Questa norma è obbligatoria e quindi va comunque rispettata anche se non viene richiamata nel contratto, oppure le parti possono accordarsi per non applicarla? Il comma 5 dello stesso art. 83 bis delinea un meccanismo di adeguamento automatico del corrispettivo sulla base delle sole variazioni del prezzo del gasolio e delle tariffe autostradali laddove il contratto preveda prestazioni di trasporto da effettuarsi in un arco temporale superiore ai 30 giorni.
Nello specifico la parte di corrispettivo corrispondente al costo del carburante sostenuto dal vettore, e risultante da quanto riportato nella fattura, dovrà essere adeguata in base alle oscillazioni intervenute nel prezzo del gasolio che superino del 2% il valore preso a riferimento al momento della conclusione del contratto o dell’ultimo adeguamento effettuato.
È oggetto di discussione fra gli addetti ai lavori se detta clausola s’imponga comunque alla volontà dei contraenti (e quindi debba essere considerata inderogabile), ovvero se possa essere liberamente derogata dalla conforme volontà dei contraenti, soprattutto alla luce della piena riaffermazione del principio della piena liberalizzazione del corrispettivo del servizio di trasporto (i.e. dell’autonomia negoziale delle parti il che è lo stesso) come da previsione del comma 4 dell’art. 83 bis.
Al riguardo può senz’altro dirsi che la stessa previsione della pubblicazione, con cadenza mensile, nel sito internet del Ministero delle infrastrutture e dei trasporti dei valori indicativi di riferimento dei costi di esercizio delle imprese di autotrasporto per conto di terzi, ex articolo 1, comma 250 della legge 23 dicembre 2014, n. 190 (legge di Stabilità 2015), costituisce un chiaro segnale, da parte dei pubblici poteri, circa la legittimità di una contrazione della libertà di contrattazione fra vettori e committenti quando sia in gioco la tutela di interessi costituzionalmente rilevanti come la sicurezza e l’incolumità dei cittadini e degli utenti della strada, a maggior ragione dopo l’abolizione del regime dei costi minimi di sicurezza che alla tutela di quell’esigenza era preordinato.

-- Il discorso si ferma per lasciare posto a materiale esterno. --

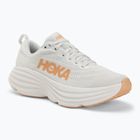 Moteriški bėgimo bateliai HOKA Bondi 8 white/cantaloupe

A corroborare ulteriormente tale assunto deve ricordarsi come l’art. 4 del Decreto legislativo n. 286/2005 conferma la centralità del principio di tutela della sicurezza della circolazione stradale, stabilendo che «sono nulle le clausole del contratto di trasporto che comportano modalità, condizioni di esecuzione delle prestazioni contrarie alle norme sulla circolazione stradale».
Sostanzialmente nello stesso ordine di idee si pongono anche la normativa e la giurisprudenza comunitaria che della sicurezza in tutti i suoi aspetti (e quindi anche di quella stradale e sociale) hanno fatto un principio cardine dell’ordinamento cui gli Stati membri devono conformarsi.
L’indicazione dell’adeguamento automatico del corrispettivo trova applicazione nell’art 1339 del codice civile e si tratta di un’integrazione in funzione della tutela di interessi preminenti dell’ordinamento comunque prevalenti sulla volontà delle parti, tanto più in materia di tutela sicurezza stradale e sociale.
Nello stesso tempo occorre rilevare che la previsione di adeguamento del corrispettivo prevista nel comma 5 dell’articolo 83 bis è priva di sanzione.